:: Dataset records ::

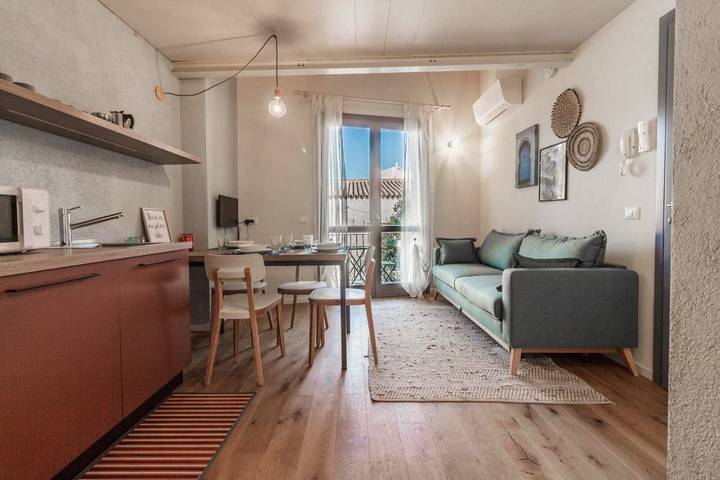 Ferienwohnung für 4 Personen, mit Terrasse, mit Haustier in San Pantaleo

:::
:: Dataset records ::

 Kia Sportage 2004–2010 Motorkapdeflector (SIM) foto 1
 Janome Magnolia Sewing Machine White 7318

:::
:: Dataset records ::

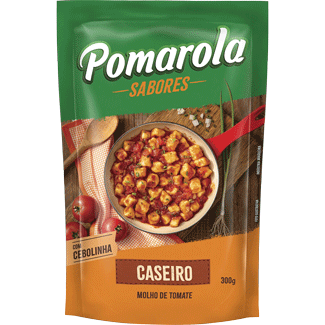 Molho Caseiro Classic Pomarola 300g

:::

■ Exercise details ■
Everything above from the line with "Kia Sportage 2004–2010" to the line with "Janome Magnolia Sewing Machine White 7318", both included, must be repeated exactly, and nothing outside that range.

■ Written response ■
 Kia Sportage 2004–2010 Motorkapdeflector (SIM) foto 1
 Janome Magnolia Sewing Machine White 7318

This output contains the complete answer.